*** Opening AVAILABLE DATA ***

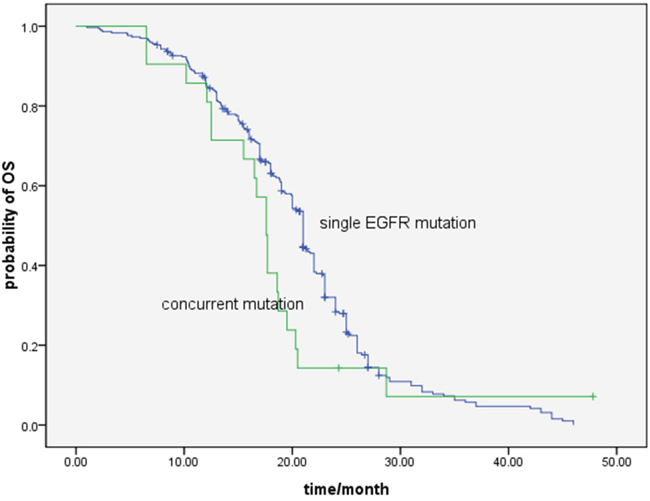 Comparison of overall survival with EGFR-TKI treatment between single EGFR mutation and concurrent gene alterations patients (21.0 months vs.17.6 months, P=0.170).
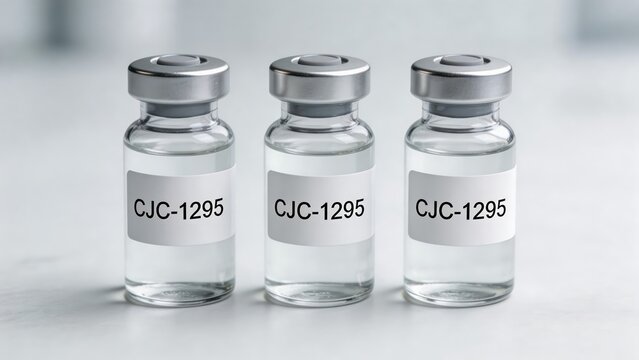 CJC-1295 peptide therapy for longevity and biohacking, three glass vials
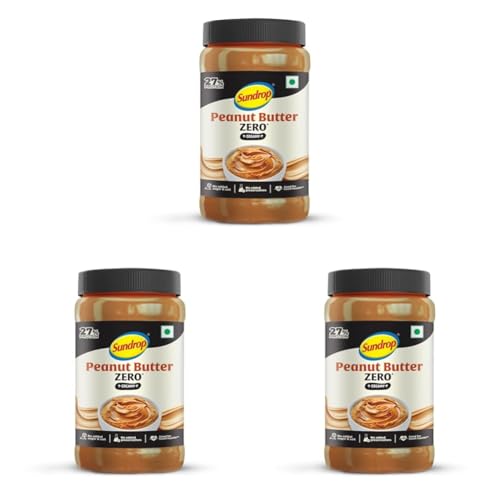 Image of Sundrop Peanut Butter Zero | Creamy| 924 Grams | with 27% Protein |11% Dietary Fiber | Zero Oil Separation| No Added Sugar, Salt & Preservatives | Great Value Per Gram of Protein (Pack of 3)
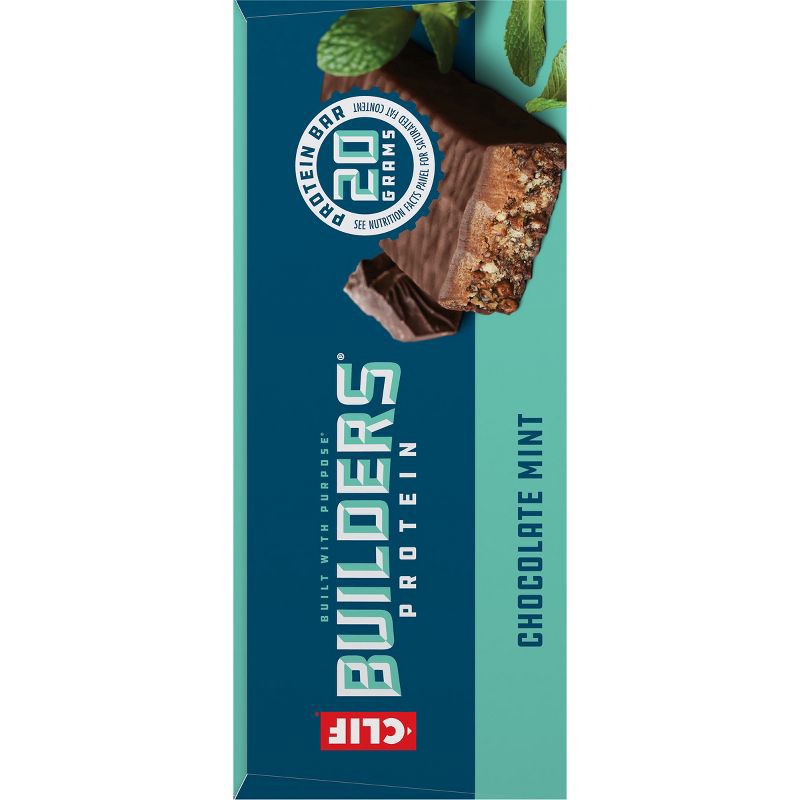 slide 5 of 11, CLIF Builder's CLIF Bar Builder's Chocolate Mint Plant-Based Soy Protein Bars - 20g Protein - 6ct, 20 gram, 6 ct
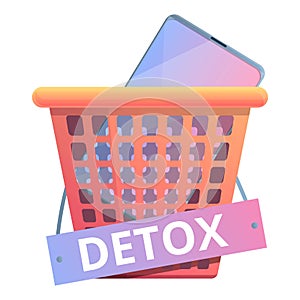 Digital detoxing basket icon, cartoon style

*** Closing AVAILABLE DATA ***

*WHAT THE TASK REQUIRES:*
All lines from the beginning of the entries above to the line containing "CJC-1295 peptide therapy", inclusive, should be printed exactly, apart from the pictures.

*RESPONSE TO THE TASK:*
 Comparison of overall survival with EGFR-TKI treatment between single EGFR mutation and concurrent gene alterations patients (21.0 months vs.17.6 months, P=0.170).
 CJC-1295 peptide therapy for longevity and biohacking, three glass vials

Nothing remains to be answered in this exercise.